Since the embarrassing impeachment and failed conviction of President Andrew Johnson in 1868, Americans more or less had avoided that ultimate constitutional method of removing a chief executive from power. The Johnson impeachment had been so steeped in personal hatred, political rivalry, and post-war agendas that the failure by one vote in the Senate to remove the impeached Johnson more or less discredited the process for a century.

The 1974 Watergate impeachment inquiry saga was framed in opposition to the way Johnson had been impeached, inasmuch as anyone still remembered the particulars of that long-ago fiasco. That is, a special prosecutor, first Archibald Cox and then Leon Jaworski, was appointed to investigate the break-in and the so-called Watergate cover-up.

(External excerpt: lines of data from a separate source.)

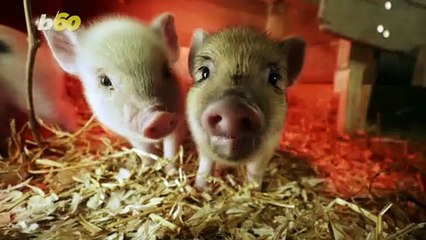 This Video of Baby Piglets Playing Around is the Cutest Thing You’ll See All Day!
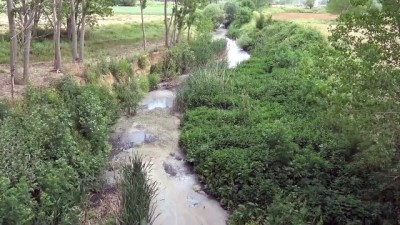 olu balik - Çokal Barajı'nda çok sayıda ölü balık kıyıya vurdu - TEKİRDAĞ Videosu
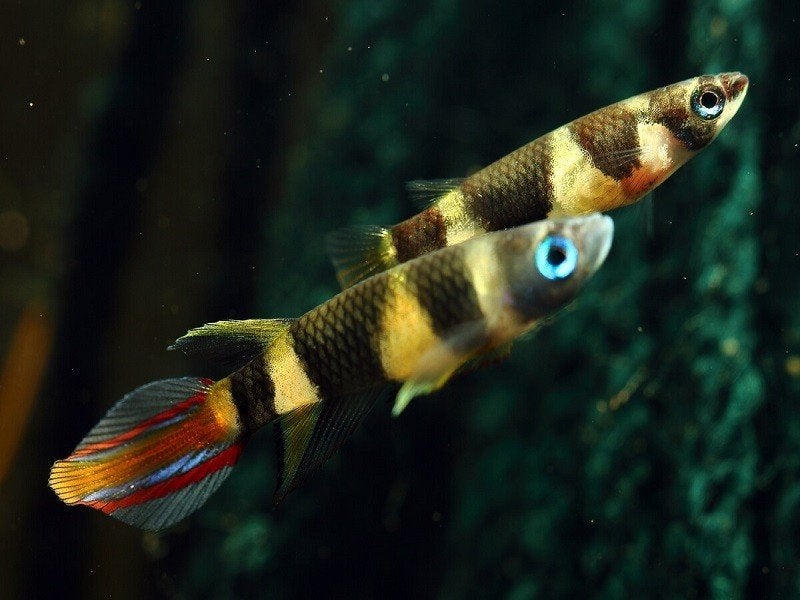 epiplatys annulatus €2,95, Dieren en Toebehoren, ., Overige typen, Nieuw, Ophalen of Verzenden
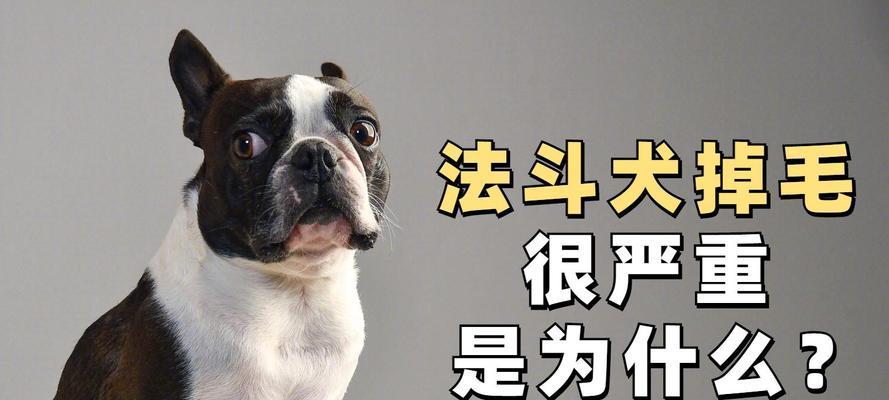 法国斗牛犬掉毛周期及护理全攻略｜科学养宠必备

Democratic moderates like Representative Peter Rodino (D-N.J.) and Senator Sam Ervin (D-N.C.) gave the impeachment inquiries a patina of bipartisanship, both giving time for the targeted president’s defenders to produce witnesses and conduct cross-examinations. Neither released the phone records of their political counterparts on their respective committees. By the time a now-unpopular Richard Nixon resigned in August 1974 to avoid impeachment by an impending overwhelming vote, he had lost public support and gained bipartisan congressional opposition.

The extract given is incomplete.